Русское молчание: изба и камень - страница 29
В 1905 году в Петербурге издается четвертая книга Шестова – сборник афоризмов «Апофеоз беспочвенности. Опыт адогматического мышления», ставшая своего рода манифестом раннего периода его творчества. 70 лет спустя французский исследователь русской мысли Жан-Клод Маркаде назовет эту книгу пророческой для развития философии XX столетия.[80]
В самом деле, утрата универсальной традиции, исчезновение корней, ощущение потерянности, бездомности, беспочвенности становятся общим и для культуры, и для философии прошлого столетия: Лев Шестов осознает и выражает это одним из первых. Трагический скептицизм мыслителя, подвергающего «деконструкции» устои и ценности современной цивилизации, является главной доминантой книги: «Нужно усомниться не затем, чтобы потом снова вернуться к твердым убеждениям… Нужно, чтобы сомнение стало постоянной творческой силой, пропитало бы самое существо нашей жизни».[81]Вслед за Ницше Шестов «философствует молотом» – его метафизическое иконоборчество не знает пределов. Апофатическое ничто – конечная и одновременно исходная точка мыслителя. Ничто – как конец, завершение и одновременно абсолютная возможность…

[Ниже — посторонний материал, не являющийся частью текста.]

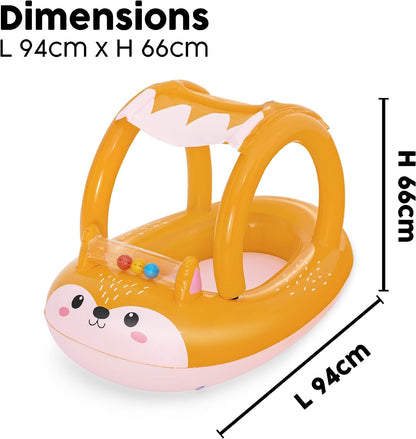 Bestway Inflatable Baby Float for Kids | Swimming Pool Inflatable, Swim Float, Pool Toys with Canopy for Boys and Girls, Multiple Designs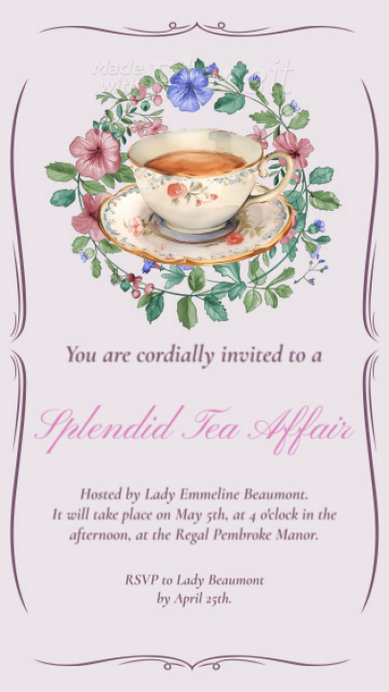 Historical Romance Instagram Story Video Creator With a Fancy Tea Event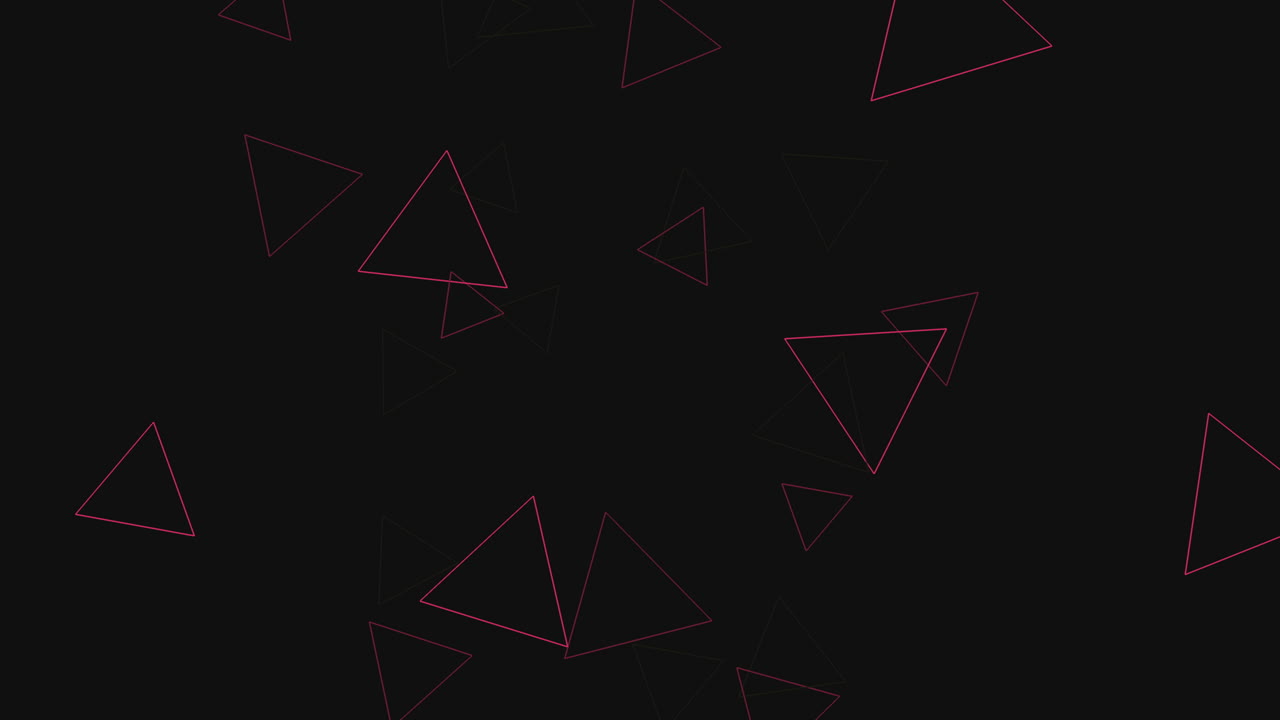 Dynamic collection of varied triangles forming a pattern on a black background. The unique shapes and sizes, some overlapping, create a visually captivating and versatile design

С одной стороны, «Апофеоз беспочвенности» вызвал почти скандальный резонанс – появилось множество откликов, включая тексты Василия Розанова и Алексея Ремизова, с другой – Шестову казалось, что его книгу неправильно воспринимают и ее проблематику неверно истолковывают (кстати, и впоследствии такое впечатление будет возникать у него от большинства рецензий на его сочинения).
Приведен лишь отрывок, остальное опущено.